And at last, the Wound is Healed⋯ or, is it?! In Search of an Objective Way to Predict the Recurrence of Diabetic Foot Ulcers
Babak Hajhosseini, M.D.1, Geoffrey C. Gurtner, M.D.1, Chandan K. Sen, PhD2.
1Stanford University School of Medicine, Stanford, CA, USA, 2Indiana University, Indianapolis, IN, USA.
Diabetic foot ulcer (DFU) has a lifetime incidence of up to 34% among diabetics. Up to 49 million patients worldwide have a history of DFU which comprises the primary etiology for 75% of all amputations. The recurrence rate of DFUs is alarmingly high (40% within 1 year, and 65% within 5 years), with no reliable methods available to predict its occurrence. The current definition of "complete wound closure" relies on a visual assessment to determine "skin re-epithelialization without drainage". However, many of such presumably closed wounds may still remain "functionally" open and deficient in skin barrier function, putting them at higher risk of recidivism. We hypothesize that impaired skin barrier function is an early indicator of DFU recurrence, and propose a non-invasive, point-of-care testing to measure this property based on trans-epidermal water loss (TEWL).
METHODS: A NIH-funded prospective pilot study with collaboration between Stanford University and Ohio State University was conducted. Patient with DFUs were enrolled upon healing of their ulcers. TEWL was measured within the first week of wound closure, utilizing the hand-held DermaLab instrument (Cortex Technologies, Denmark). Patients were followed up for total of 3 months.
RESULTS:Thirty-one patients were enrolled. Ninety percent of healed wounds demonstrated higher TEWL compared to the contralateral reference side (p<0.001). The overall recurrence rate within 3 months after wound closure was 29%. The mean wound TEWL, measured within the first week after closure, was significantly higher in those who developed recurrent ulcer (42 vs 26; p=0.015). The cut-off value to maximize sensitivity and specificity of TEWL in predicting DFU recurrence was determined to be a wound TEWL ≥ 37 (75% sensitivity, 85% specificity).

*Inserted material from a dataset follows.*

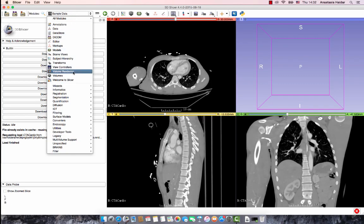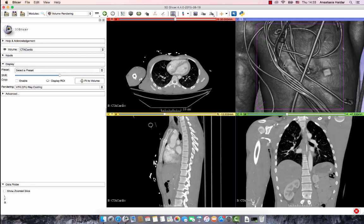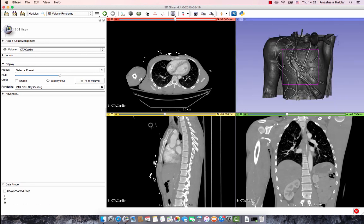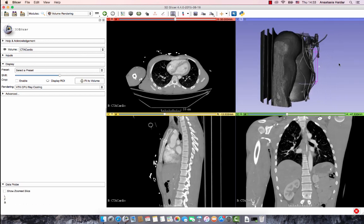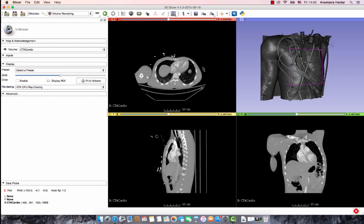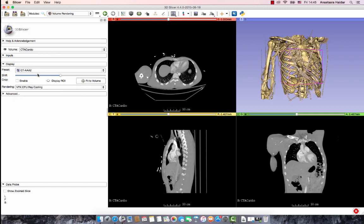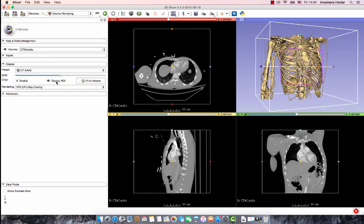Go to the volume rendering module, which lets us visualize our slices in 3D. Click on the eye to see the structure in 3D. By scrolling with your mouse, you can zoom in and out, as well as clicking and holding the structure to rotate it. Presets like the CTAA-2 for bones allow you to view your structure in a different format.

CONCLUSION: Our preliminary data indicate a predictive capability for the TEWL, as higher TEWL values correlate with higher DFU recurrence rates. The current standard practice of solely relying on visual characteristics of the wound to determine its closure seems insufficient, and at times premature. Cost-effective objective measures to assess the restoration of skin barrier function that utilize simple point-of-care modalities should be incorporated into routine management of such a high-stake condition as a recurrent DFU.